Ditto, Princess Eugenie and her husband, tequila ambassador Jack Brooksbank. From the day they posed for some equally staged photos in Buckingham Palace's Picture Gallery it was 12 days until they told the world that they too had chosen the chapel at Windsor Castle and publicly set the date.
Even William and Kate, who had THE royal wedding, the biggest, fanciest, hardest to plan of all, announced the date and venue 7 days after they posed for their engagement portraits.
Basically, the royal formula goes: Reveal Happy News! Pose for slightly clumsy official pictures. Then, put out a statement with all the particulars the following month.
So back to Bea and Edo. The last couple of weeks, in the wake of her father's excruciating BBC interview about Epstein and then the humiliation of being "sacked" as working royal, must have taken a high personal toll. No palace equerry or PR flunkie would ever suggest that this period of extreme familial turmoil was the moment to bust out a cheerful wedding update.
The question that remains to be answered is, why was no information about Bea's big day put out long before the current Andrew scandal kicked off?
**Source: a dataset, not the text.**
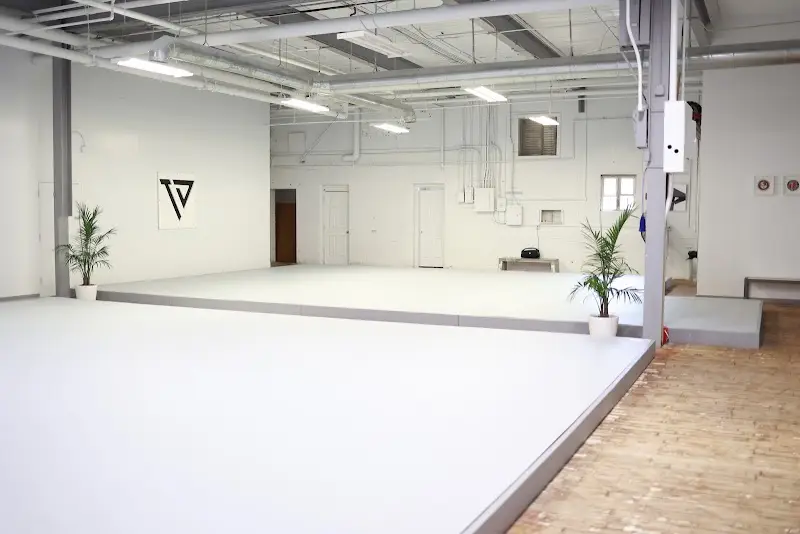 Team Doan Gym Gainesville BJJ Academy - photo 1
Newsnight editor Esme Wren has told The Guardian that it was only "a couple of weeks" before the November 17 broadcast that the Duke's office had said they were keen to go ahead with the interview.
But that still doesn't explain why in the 31 days between news of their engagement and the beginning of November (thus breaking the usual timing pattern) there has been total and absolute radio silence about their wedding.
Given the tumultuous events of the past week, it is hard to see when in the near future it would even be appropriate for Bea and Edo to update the public on their wedding. If they do it too soon, it will just look like a desperate attempt to gin up a dash of good PR.
That said, how long can they actually wait before any planning details leak? (We have to assume that they have quietly started planning by now. Even royal nuptials take months to prepare for.)
The public has had some degree of access to every royal wedding since Prince Albert, Duke of York married Elizabeth Bowes-Lyon (aka the Queen's parents) in 1923, however Her Majesty's 1947 big day was the first that was broadcast on the radio.
Which makes one option on the table for Beatrice so remarkable ā a private wedding. Rather than having the ceremony somewhere like Windsor or Westminster Abbey followed by an official carriage ride a la Princess Eugenie, this Plan B scenario would entirely play out behind closed doors.
Things could potentially unfold something like this: Bea and Edo would tie the knot at a private chapel in one of the royal palaces or the Queen's homes such as Balmoral or Sandringham, with a reception held on site.
A private wedding, held far away from the press and prying eyes, would offer the royal family the chance to carefully stage manage the event from an image-perspective.
For example, a selection of official pictures would most likely be released on the day, however, we would be unlikely to see say Prince Andrew in the same happy family shot as Princes Charles and William.
They could broadly offer the image of a happy family without the more senior royals being concerned about being publicly associated with outcast Andrew.
The other benefit to this far more low-key celebration is that Bea's wedding could not be interpreted as a base attempt at improving Andrew's tattered image. Nor would the royal family have to contend with the complicated optics of the Duke beaming side-by-side with his daughter outside a church.
Interestingly, Bea and Edo were photographed leaving Windsor Castle over the weekend, reportedly having gone there to see Bea's grandmother the Queen. It would be fascinating to know if they were there simply for some grandmotherly hugs and a nice afternoon tea or whether the subject of their wedding came up.
Come 2020, it is certain that we are going to be treated to another royal wedding, our fourth in two years, however where and when that will be remains an unexplained mystery.